United States Court of Appeals Third Circuit.

Argued June 9, 1949.
Decided July 6, 1949.

*722 David Berger, Philadelphia, Pa. (Thomas D. McBride, Philadelphia, Pa., on the brief), for appellant.

Joseph P. Brennan, Scranton, Pa. (Arthur A. Maguire, United States Attorney, Scranton, Pennsylvania, on the brief), for appellee.

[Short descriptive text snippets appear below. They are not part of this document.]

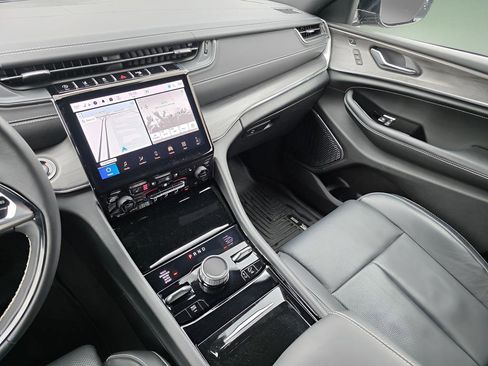 Used 2024 Jeep Grand Cherokee L Overland w/ Advanced Protech Group III image 30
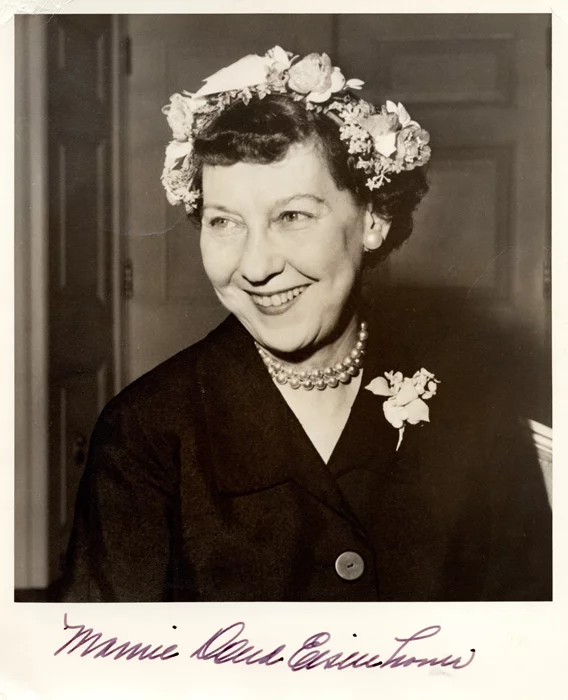 Mamie Daud Eisenhower autograph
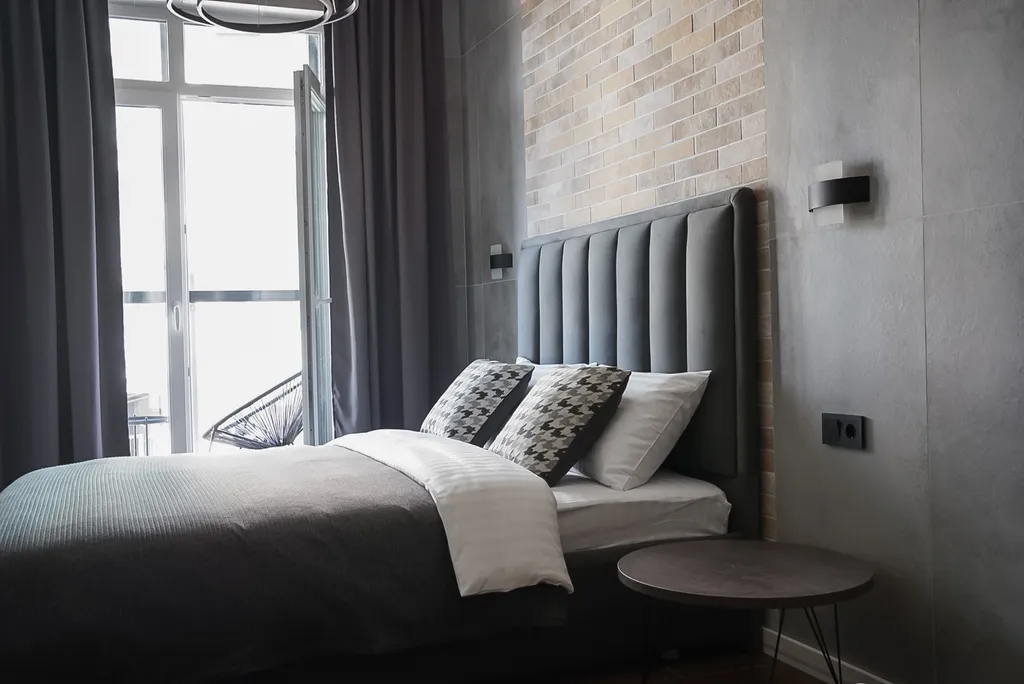 Просторная лофт-евродвушка Городской Лофт c балконом на набережной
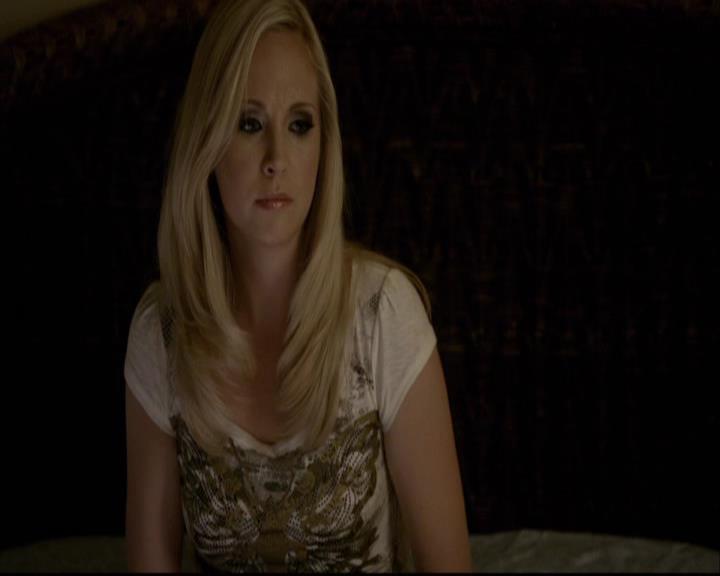 VampireDiariesWorld-dot-org_2x03BadMoonRising0522.jpg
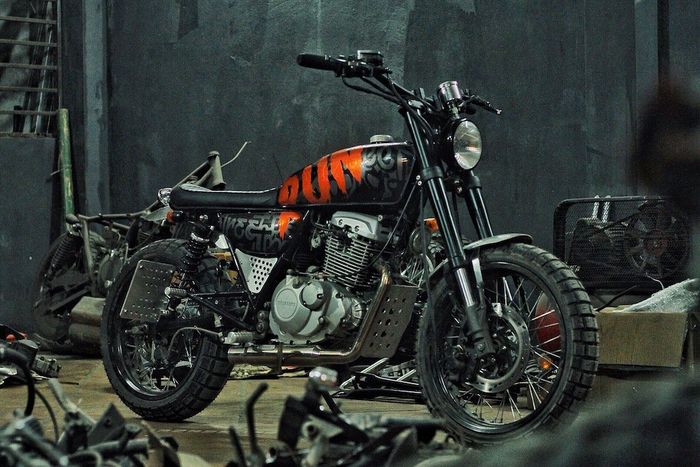 Modifikasi saudara Suzuki Thunder 125 yang patut diacungi jempol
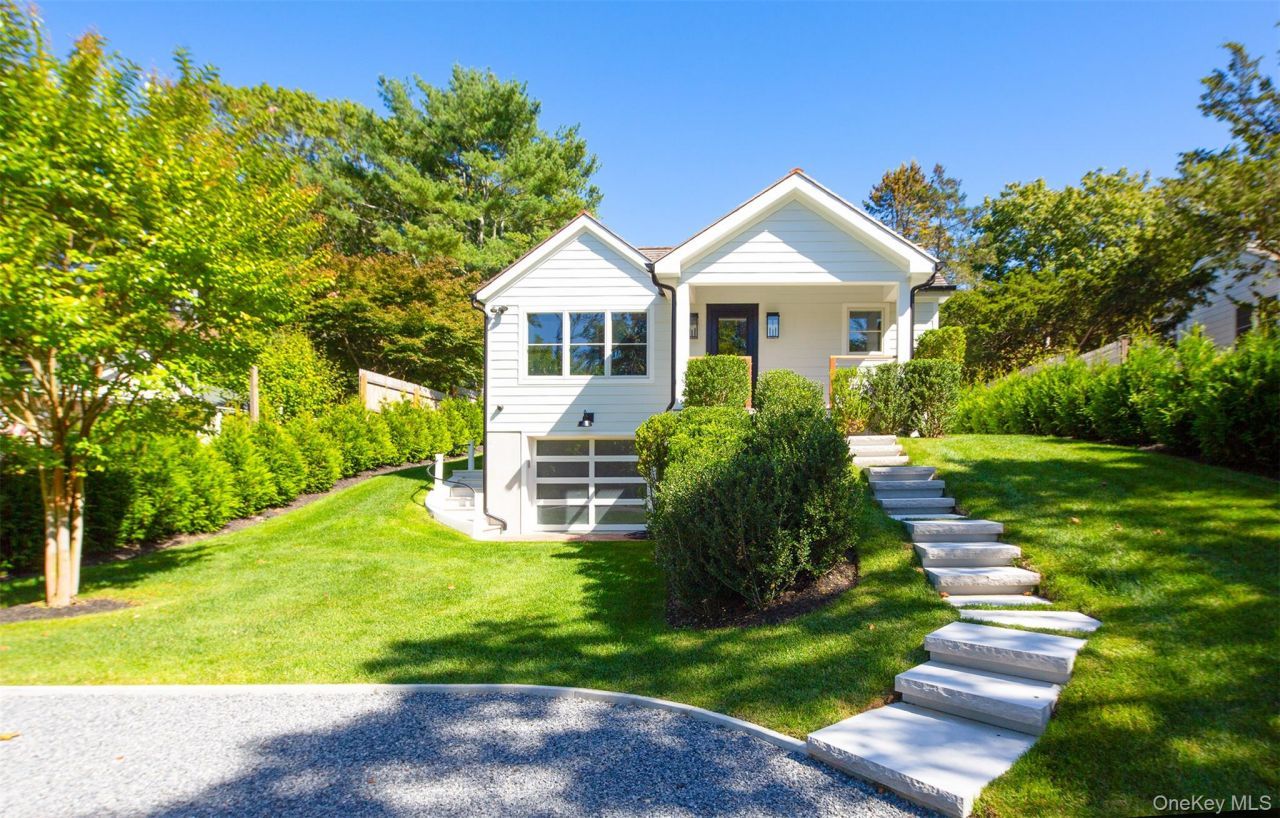 195 Little Fresh Pond Road, Southampton, NY 11968 Main Photo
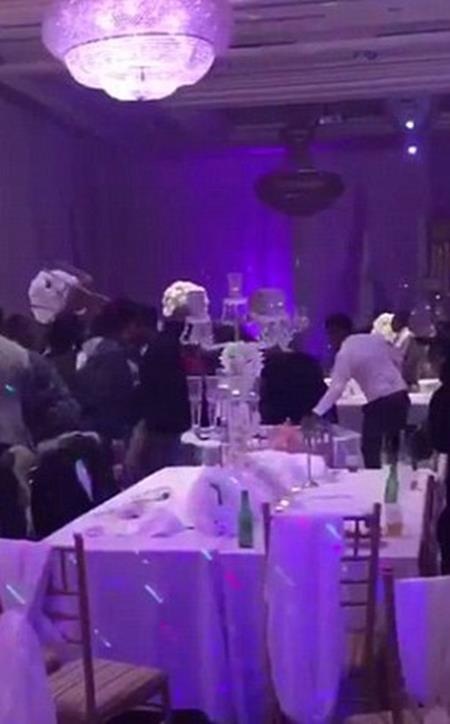 Đám cưới thành cuộc ẩu đả vì lộ video nóng của cô dâu - 2 Một vài phần tử quá khích đã lấy luôn ghế ngồi làm “vũ khí”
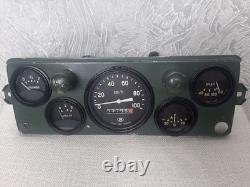 Tableau de bord vintage de camion militaire soviétique, indicateurs, URSS, militaria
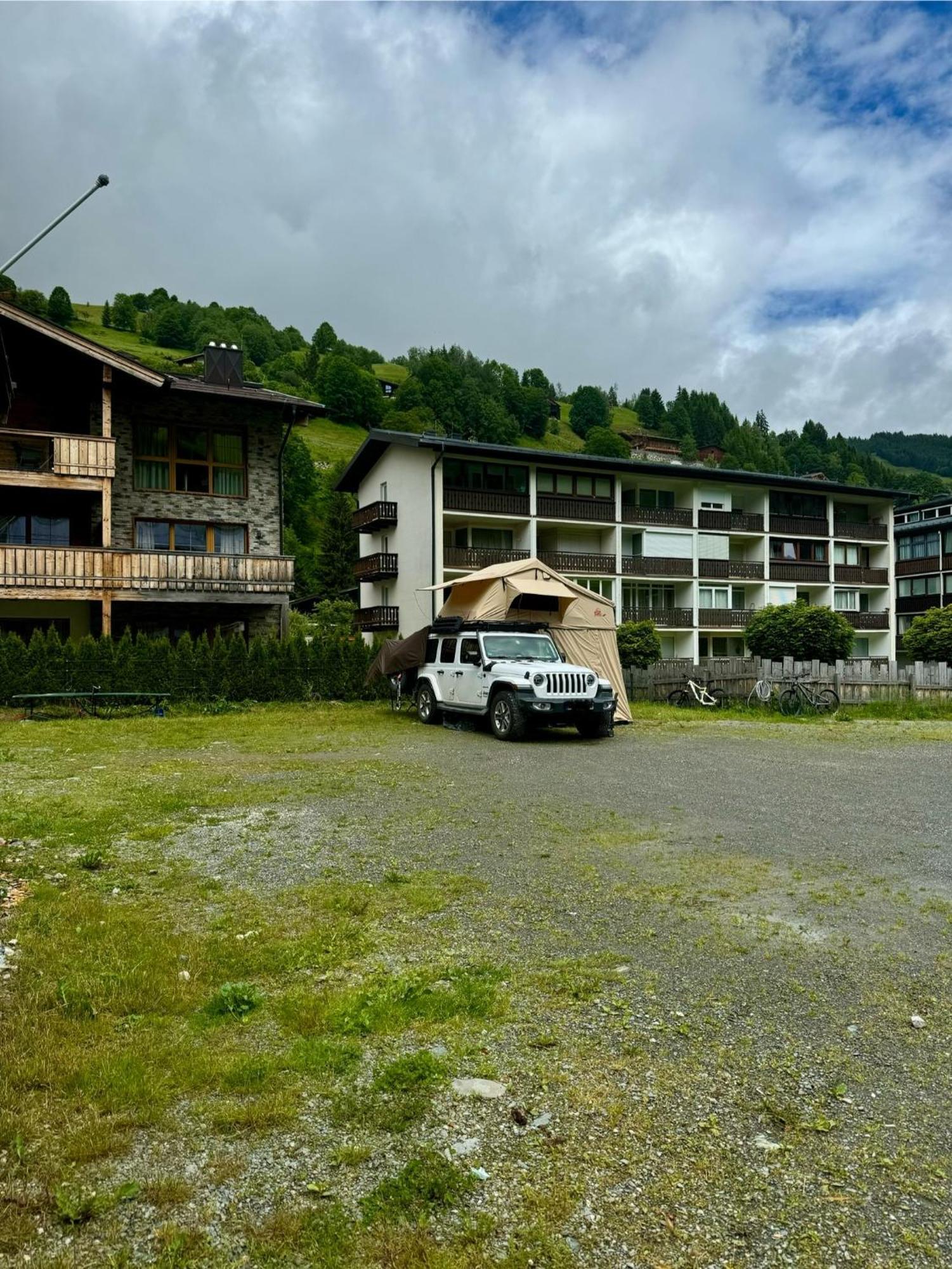 Skill Mountain Lodge - Ski Und Bike Hostel Im Sommer Mit Joker Card Saalbach-Hinterglemm Eksteriør bilde
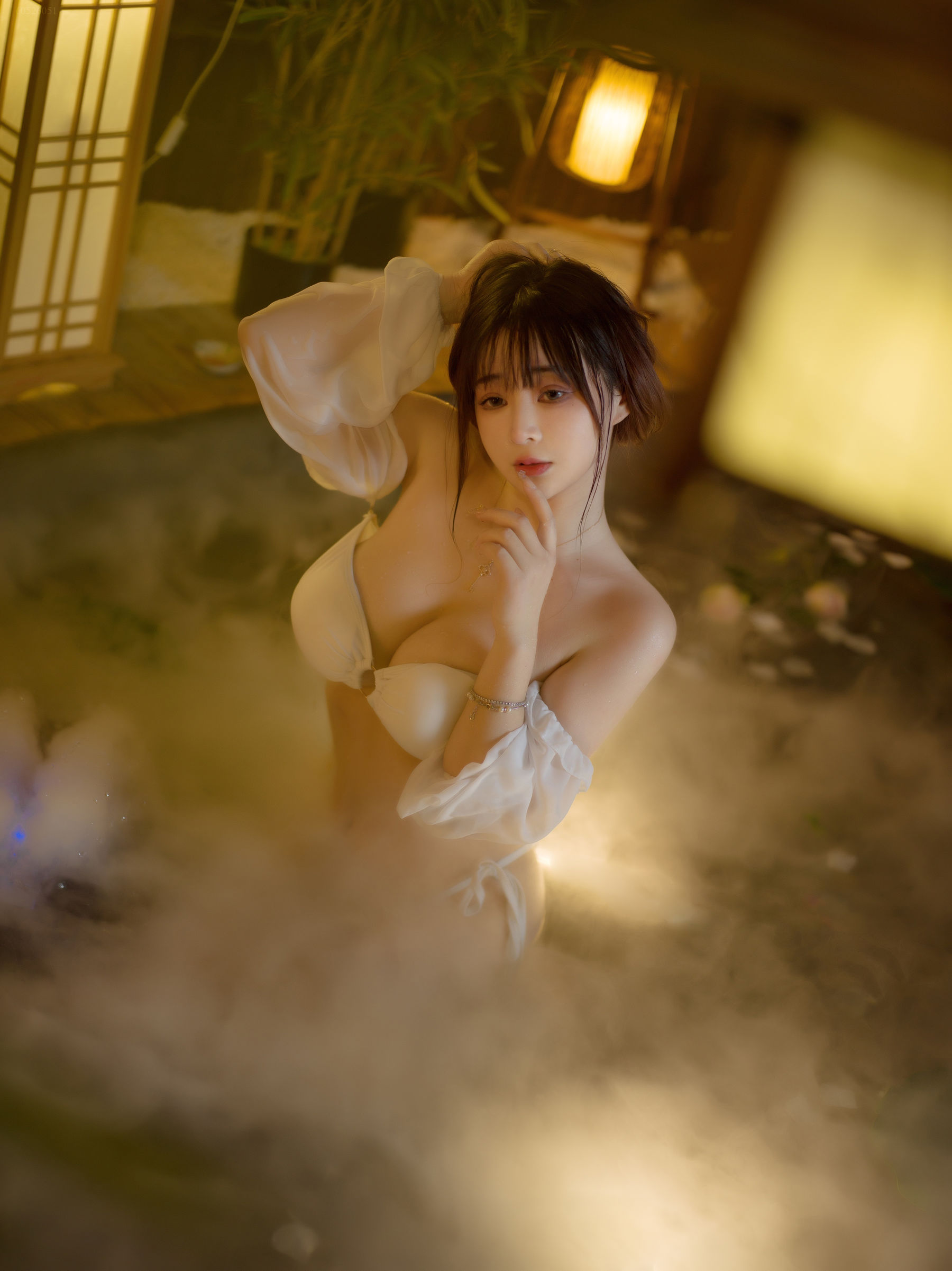 动漫博主叉子宝宝 - 温泉（53P）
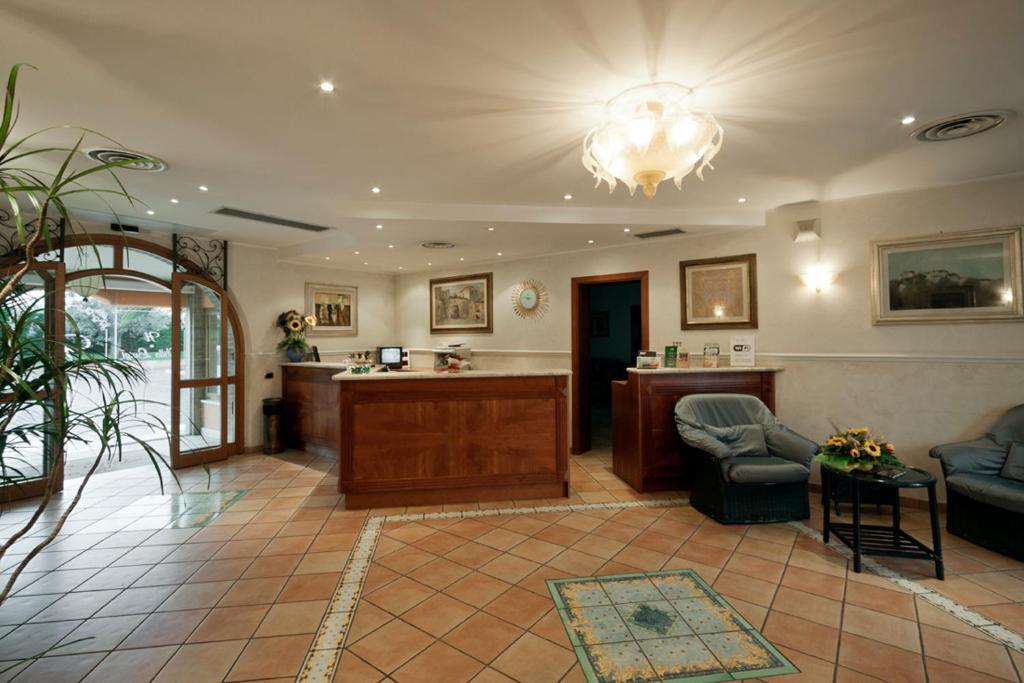 Hotel Villa Luigi Villa Rosa Di Martinsicuro Esterno foto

Before MARIS, GOODRICH and KALODNER, Circuit Judges.

MARIS, Circuit Judge.

Vincent Anthony Sorrentino was convicted in the District Court for the Middle District of Pennsylvania, with one Elizabeth A. Kobli and others, of a conspiracy to violate the Mann Act. Upon an appeal by defendant Kobli from her conviction we held that the district court had denied her the public trial guaranteed to her by the Sixth Amendment by an order excluding from the courtroom over the objection of her counsel all persons except the defendants, their counsel, witnesses and members of the press. United States v. Kobli, 3 Cir., 1949, 172 F.2d 919. Upon the present appeal by defendant Sorrentino his principal contention is that he likewise was denied his constitutional right to a public trial.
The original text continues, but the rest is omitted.